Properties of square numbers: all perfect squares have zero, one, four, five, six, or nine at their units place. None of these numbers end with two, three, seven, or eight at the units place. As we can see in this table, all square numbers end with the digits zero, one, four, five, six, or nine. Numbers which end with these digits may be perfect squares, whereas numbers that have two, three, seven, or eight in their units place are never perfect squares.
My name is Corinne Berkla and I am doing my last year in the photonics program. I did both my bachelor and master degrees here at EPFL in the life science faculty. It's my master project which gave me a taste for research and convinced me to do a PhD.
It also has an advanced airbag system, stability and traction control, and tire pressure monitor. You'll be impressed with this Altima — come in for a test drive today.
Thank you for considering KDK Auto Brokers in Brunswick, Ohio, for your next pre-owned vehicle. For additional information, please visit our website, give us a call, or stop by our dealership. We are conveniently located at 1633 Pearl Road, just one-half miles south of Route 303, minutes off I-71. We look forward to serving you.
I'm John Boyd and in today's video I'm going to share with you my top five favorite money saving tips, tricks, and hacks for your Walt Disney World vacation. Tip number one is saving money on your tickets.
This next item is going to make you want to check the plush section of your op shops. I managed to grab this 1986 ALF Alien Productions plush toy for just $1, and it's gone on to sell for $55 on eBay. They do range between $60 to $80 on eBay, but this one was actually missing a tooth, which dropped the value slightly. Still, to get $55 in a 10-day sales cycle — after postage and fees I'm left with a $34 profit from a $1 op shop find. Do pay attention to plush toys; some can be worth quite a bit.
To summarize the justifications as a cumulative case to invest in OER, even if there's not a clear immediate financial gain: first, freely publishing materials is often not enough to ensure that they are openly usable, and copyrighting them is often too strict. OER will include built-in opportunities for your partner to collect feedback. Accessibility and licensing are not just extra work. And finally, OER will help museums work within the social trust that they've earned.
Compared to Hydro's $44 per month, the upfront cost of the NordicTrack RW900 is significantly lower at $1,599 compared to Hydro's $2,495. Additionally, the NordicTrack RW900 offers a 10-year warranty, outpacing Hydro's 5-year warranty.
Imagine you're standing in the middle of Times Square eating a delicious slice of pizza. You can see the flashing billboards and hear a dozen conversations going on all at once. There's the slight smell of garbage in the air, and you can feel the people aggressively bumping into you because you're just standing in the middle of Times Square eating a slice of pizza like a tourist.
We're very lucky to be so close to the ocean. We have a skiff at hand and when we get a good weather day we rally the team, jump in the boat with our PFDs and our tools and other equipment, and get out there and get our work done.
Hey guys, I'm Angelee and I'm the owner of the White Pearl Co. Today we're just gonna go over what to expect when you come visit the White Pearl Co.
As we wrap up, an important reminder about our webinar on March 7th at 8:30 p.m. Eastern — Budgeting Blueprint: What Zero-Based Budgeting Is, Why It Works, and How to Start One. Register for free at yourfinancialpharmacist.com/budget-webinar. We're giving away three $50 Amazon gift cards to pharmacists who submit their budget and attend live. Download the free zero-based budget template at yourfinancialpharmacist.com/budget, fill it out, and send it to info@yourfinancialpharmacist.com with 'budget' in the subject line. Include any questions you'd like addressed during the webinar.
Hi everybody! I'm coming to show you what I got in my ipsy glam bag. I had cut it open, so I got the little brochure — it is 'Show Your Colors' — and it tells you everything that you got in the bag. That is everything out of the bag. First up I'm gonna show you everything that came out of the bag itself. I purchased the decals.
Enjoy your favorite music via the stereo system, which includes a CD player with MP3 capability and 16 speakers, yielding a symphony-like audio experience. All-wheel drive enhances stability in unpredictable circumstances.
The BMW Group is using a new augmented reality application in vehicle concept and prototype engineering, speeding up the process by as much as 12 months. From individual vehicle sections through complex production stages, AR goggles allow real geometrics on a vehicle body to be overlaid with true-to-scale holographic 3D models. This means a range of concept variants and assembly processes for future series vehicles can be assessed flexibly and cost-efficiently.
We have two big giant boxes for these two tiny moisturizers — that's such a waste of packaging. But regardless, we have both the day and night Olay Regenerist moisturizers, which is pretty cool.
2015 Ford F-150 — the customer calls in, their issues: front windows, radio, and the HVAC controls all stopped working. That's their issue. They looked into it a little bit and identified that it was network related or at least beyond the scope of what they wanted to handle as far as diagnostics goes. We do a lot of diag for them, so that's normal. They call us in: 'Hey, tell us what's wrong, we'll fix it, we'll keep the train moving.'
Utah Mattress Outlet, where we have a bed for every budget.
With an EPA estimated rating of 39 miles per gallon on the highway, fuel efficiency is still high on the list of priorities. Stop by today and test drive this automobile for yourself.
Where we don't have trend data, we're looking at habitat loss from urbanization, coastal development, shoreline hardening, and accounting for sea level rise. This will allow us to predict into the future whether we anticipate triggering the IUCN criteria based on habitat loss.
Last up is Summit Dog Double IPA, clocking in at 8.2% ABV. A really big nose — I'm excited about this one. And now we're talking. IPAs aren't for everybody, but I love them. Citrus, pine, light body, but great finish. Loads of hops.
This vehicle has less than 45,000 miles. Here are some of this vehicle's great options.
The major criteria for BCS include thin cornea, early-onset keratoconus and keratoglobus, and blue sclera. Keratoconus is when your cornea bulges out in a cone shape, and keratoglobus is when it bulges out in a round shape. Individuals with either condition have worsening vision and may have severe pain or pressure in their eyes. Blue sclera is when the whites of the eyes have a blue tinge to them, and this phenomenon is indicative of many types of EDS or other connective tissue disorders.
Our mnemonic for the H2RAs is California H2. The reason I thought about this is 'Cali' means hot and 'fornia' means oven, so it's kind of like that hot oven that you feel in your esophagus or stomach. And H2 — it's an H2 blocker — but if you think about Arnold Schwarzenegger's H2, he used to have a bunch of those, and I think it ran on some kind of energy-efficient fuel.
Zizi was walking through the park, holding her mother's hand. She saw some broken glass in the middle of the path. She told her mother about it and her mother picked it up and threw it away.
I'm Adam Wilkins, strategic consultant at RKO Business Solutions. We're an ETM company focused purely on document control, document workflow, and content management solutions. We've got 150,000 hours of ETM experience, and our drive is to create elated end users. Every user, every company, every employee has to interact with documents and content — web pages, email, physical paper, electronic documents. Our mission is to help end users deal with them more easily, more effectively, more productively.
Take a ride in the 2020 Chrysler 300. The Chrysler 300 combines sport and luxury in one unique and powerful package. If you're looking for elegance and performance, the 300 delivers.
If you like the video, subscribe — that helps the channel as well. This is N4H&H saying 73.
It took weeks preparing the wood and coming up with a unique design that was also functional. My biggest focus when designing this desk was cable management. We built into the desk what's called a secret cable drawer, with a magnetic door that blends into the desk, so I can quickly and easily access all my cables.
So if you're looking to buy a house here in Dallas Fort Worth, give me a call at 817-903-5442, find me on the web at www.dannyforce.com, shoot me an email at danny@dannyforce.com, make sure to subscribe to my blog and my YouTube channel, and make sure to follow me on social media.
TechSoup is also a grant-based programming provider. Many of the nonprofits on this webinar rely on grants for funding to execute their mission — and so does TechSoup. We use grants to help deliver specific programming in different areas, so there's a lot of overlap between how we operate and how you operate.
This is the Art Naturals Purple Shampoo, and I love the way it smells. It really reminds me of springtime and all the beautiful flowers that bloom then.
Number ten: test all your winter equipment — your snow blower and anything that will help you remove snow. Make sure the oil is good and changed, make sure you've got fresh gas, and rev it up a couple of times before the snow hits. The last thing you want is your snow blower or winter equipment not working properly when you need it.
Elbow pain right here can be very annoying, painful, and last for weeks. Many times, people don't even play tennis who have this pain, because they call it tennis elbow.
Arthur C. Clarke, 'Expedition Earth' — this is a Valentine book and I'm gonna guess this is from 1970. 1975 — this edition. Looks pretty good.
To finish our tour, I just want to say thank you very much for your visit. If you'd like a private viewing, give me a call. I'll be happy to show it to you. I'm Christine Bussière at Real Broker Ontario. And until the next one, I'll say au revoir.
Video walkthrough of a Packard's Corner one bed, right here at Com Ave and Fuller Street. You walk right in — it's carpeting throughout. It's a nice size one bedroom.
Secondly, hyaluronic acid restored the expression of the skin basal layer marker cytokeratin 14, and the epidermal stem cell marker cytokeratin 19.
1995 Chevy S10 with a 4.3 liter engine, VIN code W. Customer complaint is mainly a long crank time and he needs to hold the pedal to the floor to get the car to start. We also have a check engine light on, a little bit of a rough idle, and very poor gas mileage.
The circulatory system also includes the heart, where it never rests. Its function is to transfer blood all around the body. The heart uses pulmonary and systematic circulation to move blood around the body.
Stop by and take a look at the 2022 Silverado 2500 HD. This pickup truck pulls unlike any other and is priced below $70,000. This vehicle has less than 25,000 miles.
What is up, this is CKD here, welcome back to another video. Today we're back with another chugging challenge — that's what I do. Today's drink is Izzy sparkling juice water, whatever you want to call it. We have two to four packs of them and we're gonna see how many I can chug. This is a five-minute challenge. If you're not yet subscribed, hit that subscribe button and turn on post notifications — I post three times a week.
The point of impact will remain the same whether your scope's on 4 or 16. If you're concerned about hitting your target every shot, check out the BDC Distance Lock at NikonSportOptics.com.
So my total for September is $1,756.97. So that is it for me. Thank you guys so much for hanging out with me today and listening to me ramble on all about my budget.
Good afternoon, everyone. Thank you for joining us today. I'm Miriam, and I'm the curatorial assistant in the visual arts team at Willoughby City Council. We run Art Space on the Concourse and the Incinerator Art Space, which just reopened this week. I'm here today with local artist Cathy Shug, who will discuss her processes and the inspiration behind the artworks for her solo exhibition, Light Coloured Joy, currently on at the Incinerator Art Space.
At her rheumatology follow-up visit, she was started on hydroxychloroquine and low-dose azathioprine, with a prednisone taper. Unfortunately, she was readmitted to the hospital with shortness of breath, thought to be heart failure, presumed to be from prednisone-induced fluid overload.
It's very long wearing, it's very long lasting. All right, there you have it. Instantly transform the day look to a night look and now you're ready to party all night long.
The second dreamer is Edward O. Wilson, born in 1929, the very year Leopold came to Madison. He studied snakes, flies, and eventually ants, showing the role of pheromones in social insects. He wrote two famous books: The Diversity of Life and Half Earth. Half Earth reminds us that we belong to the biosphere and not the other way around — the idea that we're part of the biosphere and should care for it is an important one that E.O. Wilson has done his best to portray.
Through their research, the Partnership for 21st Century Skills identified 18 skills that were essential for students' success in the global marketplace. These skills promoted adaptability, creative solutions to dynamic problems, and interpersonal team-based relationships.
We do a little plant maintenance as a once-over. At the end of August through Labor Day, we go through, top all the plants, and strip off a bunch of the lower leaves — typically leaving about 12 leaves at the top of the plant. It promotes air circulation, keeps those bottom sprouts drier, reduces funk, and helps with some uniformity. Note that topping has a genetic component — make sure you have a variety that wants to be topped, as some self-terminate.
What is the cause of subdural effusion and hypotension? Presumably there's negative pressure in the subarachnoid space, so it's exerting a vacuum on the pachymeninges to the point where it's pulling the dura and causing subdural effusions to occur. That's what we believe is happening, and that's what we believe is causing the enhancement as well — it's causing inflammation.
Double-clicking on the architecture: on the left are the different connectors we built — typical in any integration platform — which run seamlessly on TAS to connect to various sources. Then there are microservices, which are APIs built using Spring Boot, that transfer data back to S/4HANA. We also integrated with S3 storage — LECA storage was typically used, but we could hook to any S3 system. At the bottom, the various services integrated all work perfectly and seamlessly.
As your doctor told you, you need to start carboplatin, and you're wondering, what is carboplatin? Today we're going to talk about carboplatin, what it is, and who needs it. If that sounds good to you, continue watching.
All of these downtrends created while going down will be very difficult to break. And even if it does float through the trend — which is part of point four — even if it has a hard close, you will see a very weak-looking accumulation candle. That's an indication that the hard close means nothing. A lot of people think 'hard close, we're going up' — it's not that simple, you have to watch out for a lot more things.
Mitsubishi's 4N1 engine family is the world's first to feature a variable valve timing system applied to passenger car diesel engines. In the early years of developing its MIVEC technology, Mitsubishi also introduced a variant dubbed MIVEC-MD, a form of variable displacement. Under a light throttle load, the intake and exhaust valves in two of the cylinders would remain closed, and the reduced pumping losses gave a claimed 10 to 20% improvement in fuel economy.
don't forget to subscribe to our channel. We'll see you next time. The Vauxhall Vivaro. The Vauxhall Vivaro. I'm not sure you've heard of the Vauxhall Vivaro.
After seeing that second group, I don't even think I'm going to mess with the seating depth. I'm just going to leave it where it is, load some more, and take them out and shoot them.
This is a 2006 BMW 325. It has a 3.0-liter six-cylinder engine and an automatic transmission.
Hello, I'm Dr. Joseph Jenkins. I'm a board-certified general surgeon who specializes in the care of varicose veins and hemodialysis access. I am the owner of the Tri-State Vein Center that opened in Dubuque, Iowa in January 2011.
● ● ● ● ●
#### ABOUT THIS EXERCISE:
Each line above that contains the word "includes" must be copied.

#### SOLUTION TO THE EXERCISE:
Enjoy your favorite music via the stereo system, which includes a CD player with MP3 capability and 16 speakers, yielding a symphony-like audio experience. All-wheel drive enhances stability in unpredictable circumstances.
The circulatory system also includes the heart, where it never rests. Its function is to transfer blood all around the body. The heart uses pulmonary and systematic circulation to move blood around the body.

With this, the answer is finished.